We went went somewhere close by for lunch (a drive thru so I wouldn't have to interrupt my listening pleasure), and then took off down the road. The opposite direction from the campus. He deliberately kept me out long enough to hear the whole album in its entirety. I can't help but feel like a lot of other parents would begrudgingly have their arms twisted so their child can go do something off campus during lunch. My father got me out of Calculus, took me to pick up the record, and then drove me around the Bryant Irvin area of Fort Worth so I could listen to the album in one chunk. I got back to school right before fourth period began. For the life of me I can't remember what class I had immediately after lunch, but that's not what matters. What matters is my dad pulled me out of Calculus, took me to buy the newest album by my then-favorite band, and let me play hooky long enough to listen to the album all the way through.
My dad and I have gone fishing together on Lake Benbrook. We've had a Father/Son trip to Bossier city to celebrate both of our birthdays. We would always ride roller coasters together when I was younger. He's been to every single one of my performances. He suggested that I take up the bass when I couldn't move my drums to college. He's been my confidante, the guy that always tells me he'll listen to my problems without offering advice just so I can vent. The guy really is my best friend. He's never let my dreams remain dreams, and he's always encouraged me to "go for it". Without him (and my mom of course), I don't think I'd be the man I am today. I've learned what it is to be a good person from him, and some of my favorite memories in life are shared with him.

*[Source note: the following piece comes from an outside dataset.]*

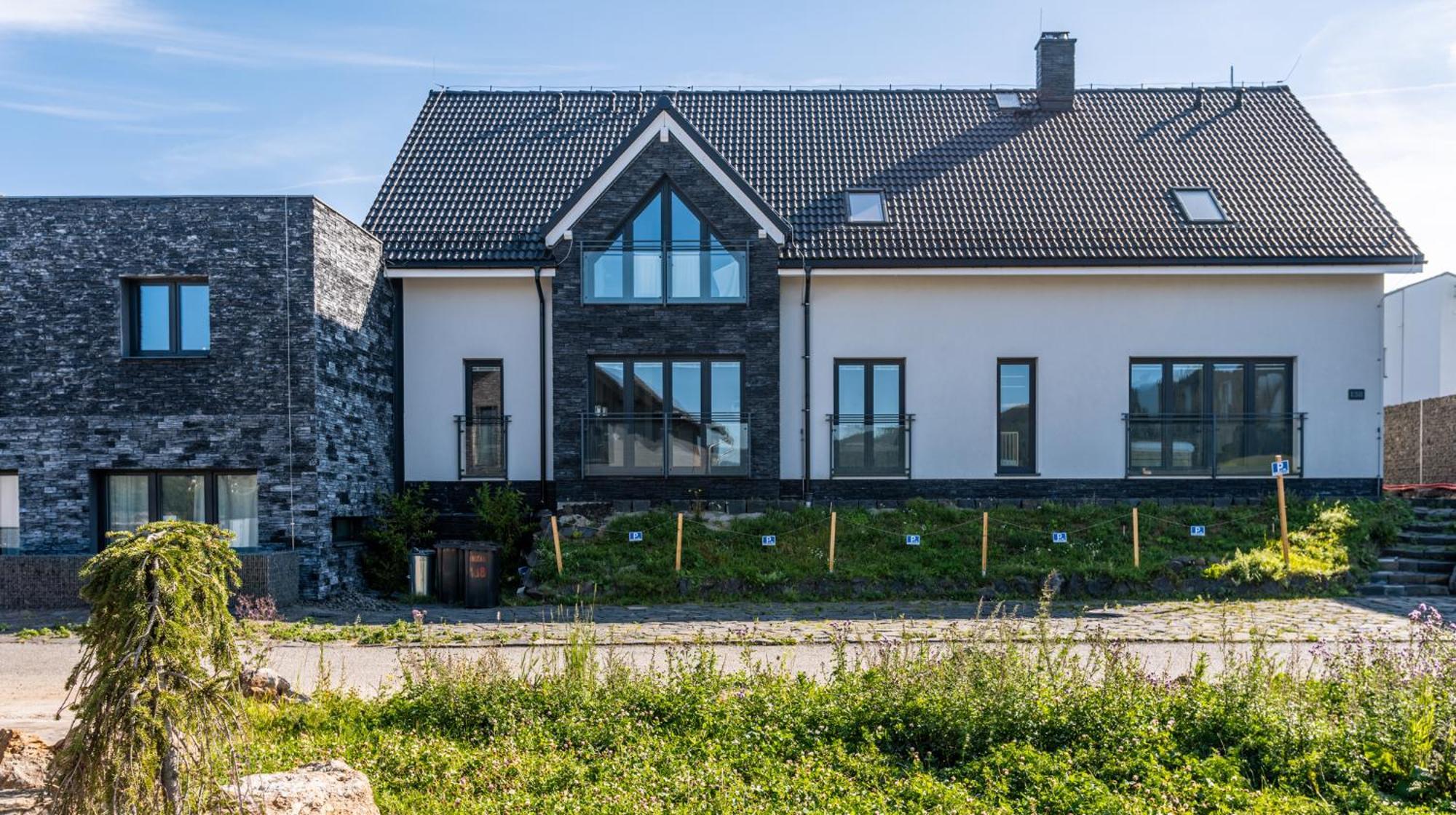 Family Apartments Klinovec Лоучна-под-Кліновцем Екстер'єр фото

So when I listen to Splinter, not anywhere close to my favorite Offspring album (still great though), I'm taken back to that warm, clear winter day in Texas, driving up and down Bryant Irvin with the top down, the music turned up, and hanging out with my dad. How can you have a favorite day of your life? I don't know if you can really narrow it down to one particular day. But if I had a top five, this would easily be one.
And for good measure, here's a picture of my immediate family, plus my newly born niece at one of my nephew's baseball games. It was just after I had started to come out of a fairly dark period, and without my family, I wouldn't have gotten out. This is my second favorite picture of us as a family. The smiles are genuine.
Also...my dad holding hands with my niece after she learned to walk. I swear to you, he has one of the biggest hearts ever. It's like a pot roast. I'm kidding. What a poorly timed, fairly tasteless joke that I stole from News Radio.
Editor's Note: I don't have an editor. If I did, He/she would probably chastise me for doing what those idiots who try to tell you their life stories before giving you the a certain recipe do. I don't give two damns or half a shit about your experience on a farm, Linda. Just tell me how to make the goddamn meatloaf. This article is also not proofread. It only is what it will ever be. The message remains the same.